Odremontowana Brama Krakowska już się sypie

Cegły użyte do remontu Bramy Krakowskiej w Jarosławiu nie wytrzymują mrozów. Zaczynają się rozpadać. Brama się sypie sprawiając wrażenie niezbadanego od lat zabytku, chociaż w 2017 r. ją remontowano i konserwowano. Budulec użyty przed wiekami trzyma się znacznie lepiej. Współczesny nie sprostał warunkom atmosferycznym. Warto zauważyć, że wykonywane przez miasto prace remontowe były nadzorowane przez konserwatora zabytków.

 

Uwagę na pogarszający się stan niedawno remontowanej bramy zwrócili Czytelnicy. – Lipna robota. Remontowali długo. Wydali sporo pieniędzy i okazuje się, że psu na budę. Kilka większych przymrozków doprowadzi do tego, że brama wróci do stanu sprzed konserwacji – mówi przechodzień.
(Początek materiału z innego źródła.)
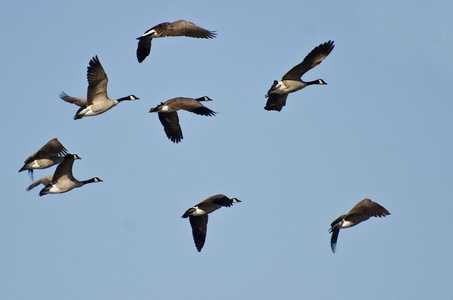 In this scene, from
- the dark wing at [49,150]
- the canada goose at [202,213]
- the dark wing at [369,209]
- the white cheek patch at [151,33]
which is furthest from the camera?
the dark wing at [49,150]

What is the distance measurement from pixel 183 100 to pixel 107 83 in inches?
98.1

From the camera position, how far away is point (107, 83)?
23.5m

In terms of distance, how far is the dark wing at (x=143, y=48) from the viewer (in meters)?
23.9

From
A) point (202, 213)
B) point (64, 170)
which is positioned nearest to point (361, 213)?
point (202, 213)

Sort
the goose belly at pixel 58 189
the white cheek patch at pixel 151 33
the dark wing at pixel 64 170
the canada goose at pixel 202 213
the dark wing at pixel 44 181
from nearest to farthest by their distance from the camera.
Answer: the canada goose at pixel 202 213
the white cheek patch at pixel 151 33
the dark wing at pixel 64 170
the goose belly at pixel 58 189
the dark wing at pixel 44 181

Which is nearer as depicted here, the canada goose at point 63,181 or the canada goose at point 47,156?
the canada goose at point 47,156

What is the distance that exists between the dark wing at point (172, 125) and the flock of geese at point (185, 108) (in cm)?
167

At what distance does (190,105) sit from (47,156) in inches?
184

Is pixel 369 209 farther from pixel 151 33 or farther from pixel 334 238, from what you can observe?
pixel 151 33

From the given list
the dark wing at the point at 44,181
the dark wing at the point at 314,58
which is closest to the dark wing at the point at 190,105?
the dark wing at the point at 314,58

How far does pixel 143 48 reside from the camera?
78.7 feet

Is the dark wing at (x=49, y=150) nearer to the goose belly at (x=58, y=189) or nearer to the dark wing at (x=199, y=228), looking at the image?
the goose belly at (x=58, y=189)

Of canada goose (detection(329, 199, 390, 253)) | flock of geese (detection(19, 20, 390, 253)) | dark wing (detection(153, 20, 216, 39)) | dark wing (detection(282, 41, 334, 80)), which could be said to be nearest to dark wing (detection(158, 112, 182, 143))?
flock of geese (detection(19, 20, 390, 253))

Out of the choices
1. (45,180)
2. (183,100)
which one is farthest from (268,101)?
(45,180) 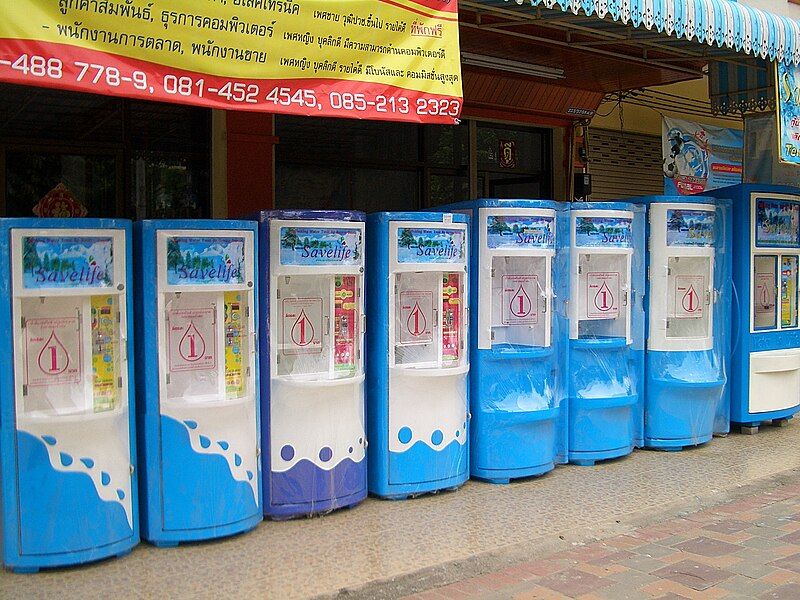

Prace remontowo-konserwatorskie prowadzone w 2017 r. kosztowały ponad 70 tysięcy zł. W tym 20 tys. zł pochodziło z dofinansowania od Podkarpackiego Wojewódzkiego Konserwatora Zabytków. Obejmowały Bramę Krakowską i przylegające do niej mury obronne. Ich zakres, przynajmniej w projekcie, był dosyć szeroki. Konserwacja polegała na czyszczeniu i myciu murów, likwidacji skażeń biologicznych z neutralizacją soli oraz uzupełnieniu i naprawie ścian i spoin, scaleniu kolorystycznym. Mury zostały też poddane hydrofobizacji zapobiegającej wnikaniu wody w strukturę cegieł. Okazuje się, że nasiąknięte cegły rozsadził mróz. Kruszą się wmurowane współcześnie.

Cegły miały być zabezpieczone przed nasiąkaniem, a mróz je rozsadził.

Gorsze parametry

– Prace konserwatorskie murów fortyfikacyjnych w obrębie Bramy Krakowskiej były prowadzone na podstawie dokumentacji technicznej opracowanej przez uprawnionego projektanta. Technologia została przyjęta do realizacji przez Podkarpackiego Wojewódzkiego Konserwatora Zabytków. W ramach prowadzonych prac wykonano oczyszczenie i hydrofobizację muru. Po wykonaniu prac zauważono ślady niszczenia na części cegieł. Z dokonanych wówczas ustaleń wynika, że niszczeniu ulega cegła współczesna wbudowana w latach ok. 1960-1970, kiedy był prowadzony remont bramy przez PKZ. Na dzień dzisiejszy można domniemać, że zastosowano cegłę o innych parametrach wytrzymałościowych niż zabytkowa. Monitorujemy sytuację związaną ze stanem technicznym muru i będziemy odpowiednio reagować w razie konieczności podjęcia określonych działań naprawczych – wyjaśnia Iga Kmiecik, rzecznik prasowy Urzędu Miasta Jarosławia.

Można sądzić, że z tą hydrofobizacją coś nie wyszło skoro mury nasiąkły, a dalej idącym wnioskiem może być domniemanie, że przeprowadzona w 2017 r. konserwacja przyniosła odwrotny do zamierzonego skutek doprowadzając do niszczenia cegieł położonych przed pięćdziesięcioma laty.